Larry Crowne is a story that had been germinating in Hanks’s mind for many years, and throughout his acting career he continued to make notes and build mental scenes as he reflected upon the emotional toll of unemployment and the idea of what would happen to a man who starts all over again at a point in his life where many would find the concept unthinkable.
“He has to completely reinvent himself not because of some midlife crisis but more like a midlife disaster of epic proportions that completely changes his life, so when he gets fired what does he do?” asked Hanks rhetorically, when we talked in a hotel suite in Beverly Hills.
“Much like I did when I left high school, he enlisted at junior college, where nothing is expected of you except what you put into the day.
“I went to junior college because I had absolutely nothing else to do and nowhere to go. I didn’t have the grades or money to get into a real university or the skills to join the marketplace. It was a big community and people from all over the area were there. There were people twice my age, mothers whose families had grown up and they were going back to continue school, guys who were divorced, and a lot of servicemen who were just back from Vietnam, so it was common for me to walk into a class and be in the exact same educational Zeitgeist as people who were 30, 40 and even 50 years old. So out of my experience in junior college came this character of Larry Crowne.”
In the early drafts of the screenplay there was no question of Larry losing his home, but while Hanks was working on the script with Nia Vardalos, with whom he collaborated as a producer on the film My Big Fat Greek Wedding, the global recession hit and as people were losing their houses across America it became more feasible that Larry, too, should lose his.
It has been 15 years since Hanks last wrote and directed a movie, the comedy That Thing You Do!, and he believes that in the interim he has become more patient and less anxious.
“When I did That Thing You Do! I was so pent-up with trying to capture the image of it that I probably gave up on some things I shouldn’t have given up on and rushed through some things, but now I am much calmer because at the beginning of the day I say, 'We are going to take our time. I am going to have the patience to get what I truly want today.’ ”

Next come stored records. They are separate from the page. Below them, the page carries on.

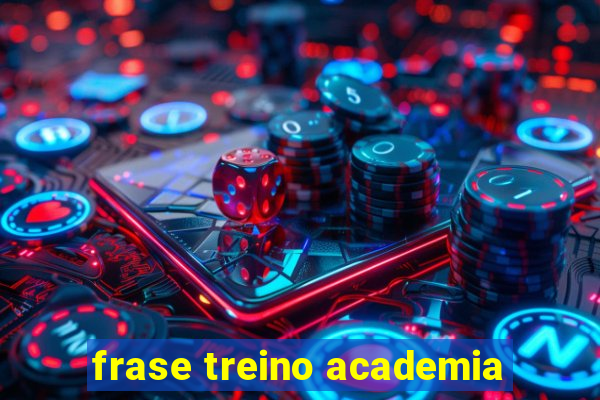 frase treino academia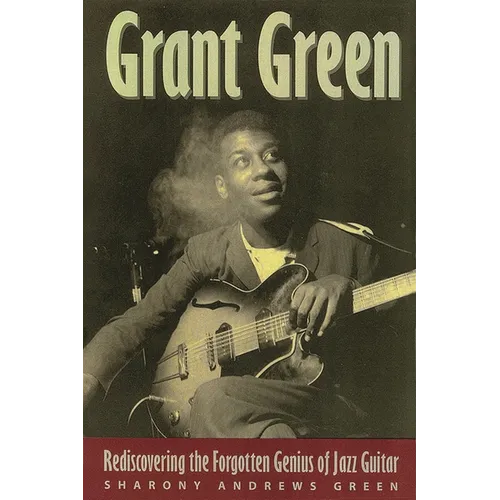 Grant Green: Rediscovering the Forgotten Genius of Jazz Guitar - Paperback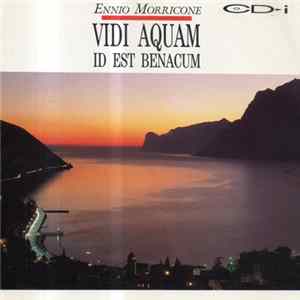 Ennio Morricone - Vidi Aquam Id Est Benacum FLAC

Like Larry Crowne, Hanks, who was born in northern California, rides a motor scooter around Los Angeles, where he has lived for the past 35 years. He has a 33-year-old son, Colin, and a 29-year-old daughter, Elizabeth, from his first marriage to his college sweetheart Samantha Lewes, which ended in 1985, and two sons, Chester, 20, and 15-year-old Truman, by Rita Wilson, whom he met on the set of Volunteers and married in 1988. As well as being an actress – she appears in Larry Crowne – she writes for Harper’s magazine and is an editor at the Huffington Post.
“People say, 'Geez, it must be hard to stay married in showbusiness,’ ” he said. “I think it’s hard to stay married anywhere, but if you marry the right person, it might work out. We give each other a natural sense of support for whatever the other wants to pursue.”
Although his father wanted him to go into the fast-food restaurant business, the young Hanks received encouragement in his acting ambitions from one of his drama teachers, whom he later famously thanked in his 1994 Oscar acceptance speech for Philadelphia.
He went on to study at the Great Lakes Shakespeare Festival in Ohio under the guidance of the Irish director Vincent Dowling, and made his professional acting debut with the troupe in 1978 in The Taming of the Shrew.
Two years later he landed the co-starring role in the short-lived cult television comedy Bosom Buddies and then a guest appearance in an episode of Happy Days led to Ron Howard casting him as the male lead in Splash opposite Daryl Hannah.
The 1988 movie Big won him his first Oscar nomination and, after a string of so-so comedies, he won the best actor Oscar for portraying a homosexual lawyer with Aids in Philadelphia.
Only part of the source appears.